(Web page caption snippets)
%%

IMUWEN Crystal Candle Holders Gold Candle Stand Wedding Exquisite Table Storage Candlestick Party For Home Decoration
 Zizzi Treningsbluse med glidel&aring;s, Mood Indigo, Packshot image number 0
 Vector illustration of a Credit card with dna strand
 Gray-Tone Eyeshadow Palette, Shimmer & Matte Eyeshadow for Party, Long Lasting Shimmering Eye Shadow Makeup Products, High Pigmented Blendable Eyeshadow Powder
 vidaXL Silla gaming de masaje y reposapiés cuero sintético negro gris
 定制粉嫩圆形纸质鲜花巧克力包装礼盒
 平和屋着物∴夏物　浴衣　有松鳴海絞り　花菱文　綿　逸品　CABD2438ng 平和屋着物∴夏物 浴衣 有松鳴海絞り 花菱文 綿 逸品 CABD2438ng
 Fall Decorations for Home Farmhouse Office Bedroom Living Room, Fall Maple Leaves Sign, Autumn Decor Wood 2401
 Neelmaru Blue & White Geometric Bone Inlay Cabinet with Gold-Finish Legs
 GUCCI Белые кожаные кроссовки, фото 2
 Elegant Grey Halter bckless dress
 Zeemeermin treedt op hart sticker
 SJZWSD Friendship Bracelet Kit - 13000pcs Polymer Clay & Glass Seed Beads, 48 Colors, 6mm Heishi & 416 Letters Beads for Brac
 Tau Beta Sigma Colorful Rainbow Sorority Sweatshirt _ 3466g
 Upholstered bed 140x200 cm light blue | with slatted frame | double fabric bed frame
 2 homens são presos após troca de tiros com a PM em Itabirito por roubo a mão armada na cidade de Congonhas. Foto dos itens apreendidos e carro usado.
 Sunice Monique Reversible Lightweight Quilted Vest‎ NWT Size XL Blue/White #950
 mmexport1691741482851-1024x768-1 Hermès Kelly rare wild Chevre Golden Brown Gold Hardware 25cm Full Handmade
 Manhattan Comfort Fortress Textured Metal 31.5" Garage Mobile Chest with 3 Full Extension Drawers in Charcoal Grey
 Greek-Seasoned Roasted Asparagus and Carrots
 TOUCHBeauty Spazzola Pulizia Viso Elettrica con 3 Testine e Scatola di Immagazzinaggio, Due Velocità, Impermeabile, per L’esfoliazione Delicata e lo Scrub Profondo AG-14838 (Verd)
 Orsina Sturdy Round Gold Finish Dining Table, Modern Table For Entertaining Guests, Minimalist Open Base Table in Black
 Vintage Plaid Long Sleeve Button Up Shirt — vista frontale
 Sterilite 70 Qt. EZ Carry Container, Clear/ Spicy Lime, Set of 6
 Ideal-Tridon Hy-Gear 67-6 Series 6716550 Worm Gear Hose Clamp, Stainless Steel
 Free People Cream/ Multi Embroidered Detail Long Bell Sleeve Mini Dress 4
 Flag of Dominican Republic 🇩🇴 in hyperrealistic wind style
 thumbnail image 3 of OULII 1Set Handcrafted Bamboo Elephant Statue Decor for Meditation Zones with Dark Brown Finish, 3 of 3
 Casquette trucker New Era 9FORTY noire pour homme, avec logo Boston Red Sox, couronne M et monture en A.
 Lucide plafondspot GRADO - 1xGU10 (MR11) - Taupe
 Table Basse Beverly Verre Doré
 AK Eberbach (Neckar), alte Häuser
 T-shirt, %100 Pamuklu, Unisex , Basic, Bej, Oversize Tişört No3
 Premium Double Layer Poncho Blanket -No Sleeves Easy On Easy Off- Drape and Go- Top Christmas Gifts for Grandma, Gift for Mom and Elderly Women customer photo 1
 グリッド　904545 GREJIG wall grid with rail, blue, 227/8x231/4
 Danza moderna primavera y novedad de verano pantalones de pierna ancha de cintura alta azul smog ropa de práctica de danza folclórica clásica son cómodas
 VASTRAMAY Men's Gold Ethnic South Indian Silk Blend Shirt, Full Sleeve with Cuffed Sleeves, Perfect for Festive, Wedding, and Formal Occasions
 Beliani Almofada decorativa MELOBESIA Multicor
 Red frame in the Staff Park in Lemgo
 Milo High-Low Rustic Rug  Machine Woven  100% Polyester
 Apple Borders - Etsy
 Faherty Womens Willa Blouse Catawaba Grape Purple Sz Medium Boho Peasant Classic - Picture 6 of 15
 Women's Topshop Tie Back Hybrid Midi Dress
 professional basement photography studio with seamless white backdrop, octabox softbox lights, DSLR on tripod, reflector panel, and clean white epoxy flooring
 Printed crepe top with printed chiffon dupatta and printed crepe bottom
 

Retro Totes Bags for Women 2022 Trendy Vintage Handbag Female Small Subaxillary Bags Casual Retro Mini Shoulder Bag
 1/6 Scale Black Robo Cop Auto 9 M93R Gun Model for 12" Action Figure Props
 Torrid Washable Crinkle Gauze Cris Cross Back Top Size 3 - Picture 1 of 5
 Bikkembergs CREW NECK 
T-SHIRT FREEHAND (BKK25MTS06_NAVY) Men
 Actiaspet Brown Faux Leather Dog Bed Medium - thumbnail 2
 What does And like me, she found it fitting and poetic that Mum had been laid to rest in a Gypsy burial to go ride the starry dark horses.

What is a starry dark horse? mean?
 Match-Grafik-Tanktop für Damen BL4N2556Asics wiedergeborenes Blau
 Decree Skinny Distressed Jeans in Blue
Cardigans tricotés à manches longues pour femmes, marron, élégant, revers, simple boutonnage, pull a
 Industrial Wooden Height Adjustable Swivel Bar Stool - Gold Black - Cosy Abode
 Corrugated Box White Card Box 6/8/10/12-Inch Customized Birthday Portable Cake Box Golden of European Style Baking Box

%%

§ Work order
What is needed is every line from the beginning of the data up to and including the line with "Orsina Sturdy Round", given again word for word.

§ Output
IMUWEN Crystal Candle Holders Gold Candle Stand Wedding Exquisite Table Storage Candlestick Party For Home Decoration
 Zizzi Treningsbluse med glidel&aring;s, Mood Indigo, Packshot image number 0
 Vector illustration of a Credit card with dna strand
 Gray-Tone Eyeshadow Palette, Shimmer & Matte Eyeshadow for Party, Long Lasting Shimmering Eye Shadow Makeup Products, High Pigmented Blendable Eyeshadow Powder
 vidaXL Silla gaming de masaje y reposapiés cuero sintético negro gris
 定制粉嫩圆形纸质鲜花巧克力包装礼盒
 平和屋着物∴夏物　浴衣　有松鳴海絞り　花菱文　綿　逸品　CABD2438ng 平和屋着物∴夏物 浴衣 有松鳴海絞り 花菱文 綿 逸品 CABD2438ng
 Fall Decorations for Home Farmhouse Office Bedroom Living Room, Fall Maple Leaves Sign, Autumn Decor Wood 2401
 Neelmaru Blue & White Geometric Bone Inlay Cabinet with Gold-Finish Legs
 GUCCI Белые кожаные кроссовки, фото 2
 Elegant Grey Halter bckless dress
 Zeemeermin treedt op hart sticker
 SJZWSD Friendship Bracelet Kit - 13000pcs Polymer Clay & Glass Seed Beads, 48 Colors, 6mm Heishi & 416 Letters Beads for Brac
 Tau Beta Sigma Colorful Rainbow Sorority Sweatshirt _ 3466g
 Upholstered bed 140x200 cm light blue | with slatted frame | double fabric bed frame
 2 homens são presos após troca de tiros com a PM em Itabirito por roubo a mão armada na cidade de Congonhas. Foto dos itens apreendidos e carro usado.
 Sunice Monique Reversible Lightweight Quilted Vest‎ NWT Size XL Blue/White #950
 mmexport1691741482851-1024x768-1 Hermès Kelly rare wild Chevre Golden Brown Gold Hardware 25cm Full Handmade
 Manhattan Comfort Fortress Textured Metal 31.5" Garage Mobile Chest with 3 Full Extension Drawers in Charcoal Grey
 Greek-Seasoned Roasted Asparagus and Carrots
 TOUCHBeauty Spazzola Pulizia Viso Elettrica con 3 Testine e Scatola di Immagazzinaggio, Due Velocità, Impermeabile, per L’esfoliazione Delicata e lo Scrub Profondo AG-14838 (Verd)
 Orsina Sturdy Round Gold Finish Dining Table, Modern Table For Entertaining Guests, Minimalist Open Base Table in Black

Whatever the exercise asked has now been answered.